Observability and Telecommunications Network Management [Part 1]

Observability January 15, 2024 William Cappelli

The border between the management of telecommunications networks and the services that they support and the management of IT infrastructures and the applications that they support has always been a porous one. One might say that they are like two dialects of the same language rather than different languages. Nonetheless, these areas, whether characterised by technology or practice, are different and have, for the most part, been served by different vendors and products. This difference has persisted even in the wake of the profound digitalisation of telecommunications networks that has been going since the year 2000 and, although from time to time, gestures towards convergence are made, they have all eventually been withdrawn.

The management of IT infrastructure and applications has, however, undergone a major revolution over the last 7 years with the abandonment of the old four-part monitoring design plan based on sampling, event records, batch processing, and pre-defined models in favour of design plans inspired by the concept of Observability lifted from Optimal Control Theory. These design plans dictate that a monitoring technology should eschew sampling, provide direct access to system telemetry in the form of metrics, traces, and logs, and surface data-driven patterns in real-time utilising machine learning-generated algorithms and other AI techniques. This revolution, one may recall, is itself the result of a radical change in the underlying IT infrastructure and application architecture, a change that rendered that old design plan obsolete.

So, it can be asked, have telecommunications networks undergone a parallel change and does that parallel change require a parallel revolution in network management? Let’s quickly review the nature of the architectural change on the IT side of the picture and then see whether or not telecommunications networks have seen anything similar. On the IT side, the change may be characterised on two levels:

The first level is that of the systems themselves. Systems, whether characterised as infrastructure or application, have become orders of magnitude more modular, distributed, dynamic, and ephemeral.
The second level is that of the data generated by these systems which is then captured by monitoring technology and used as a basis for determining what is taking place within the digital environment. The data itself has increased (and continues to increase) by orders of magnitude, as has its noise level, its dimensionality (the number of independent attributes needed to distinguish one data item from another,) and (once the noise has been eliminated,) the data set’s entropy, i.e., the amount of genuinely new information contributed by each data item in the set.

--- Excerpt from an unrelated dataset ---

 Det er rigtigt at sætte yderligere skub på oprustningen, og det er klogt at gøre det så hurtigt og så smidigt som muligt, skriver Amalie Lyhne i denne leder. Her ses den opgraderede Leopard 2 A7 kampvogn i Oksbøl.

Even from this brief description, one can see how a monitoring technology built along the lines of the original four-part design plan would fail utterly in its task to present and analyse the reasons for the flow of state changes in the digital environment.

Telecommunications Transformation

Telecommunications networks have undergone a similar transformation. In fact, in many ways, the transition to packet-switched network technology brought about similar levels of increased modularisation, distribution, dynamism, and ephemerality a decade before the change took place in the world of IT. Despite this, however, there has, to date, been little modification of the technologies and practises associated with network management.

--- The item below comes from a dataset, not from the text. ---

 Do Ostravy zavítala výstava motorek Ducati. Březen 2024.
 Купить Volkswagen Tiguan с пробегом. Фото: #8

Let us take a look at those technologies and practices and attempt to understand why the telecommunications world has proven to be so conservative. Since the early 1980s, telecommunications network management has been conceptually organised around five domains or dimensions originally articulated by the OSI de jure standard: F ault, C onfiguration, A sset, P erformance, and S ecurity, or FCAPS, for short.

Fault management deals with the discovery and remediation of operational incidents and problems occurring within the network. Faults are generally seen to be the result of discrete events occurring at specific points in time and specific places in the network topology. Hence, the primary aim of fault management is to discover where the events have occurred and to fix what is found in that location so that the fault is no longer present in the network.
Configuration management deals with the placement of network components both absolutely and in relation to one another and in the setting and changing of values of attributes possessed by those components. The idea of location here can have both a physical and a logical significance.
Asset management deals with the financial attributes of the components which have been configured in the network. The idea of financial attribute here is a broad one, including both on-going costs associated with the depreciation and maintenance of a component and with accounting and charging for the contribution of a component to a service provider’s revenue stream.
Performance management deals with ensuring that the services offered over a telecommunications network are behaving as expected and promised according to service level agreements and other internal and external metrics.
Finally, security management, unsurprisingly, deals with ensuring that the network infrastructure is protected against malicious interventions and that unauthorised individuals or organisations cannot access network services.

FCAPS Must Evolve

At a first glance, the FCAPS scheme appears anodyne, a bit of common sense really, imposing no particular constraints on practitioners. A closer look, however, suggests that FCAPS is, in fact, tied to an antiquated view of the communications environment and, at best, requires supplementation if telecommunications network management is to be effective in a digital world.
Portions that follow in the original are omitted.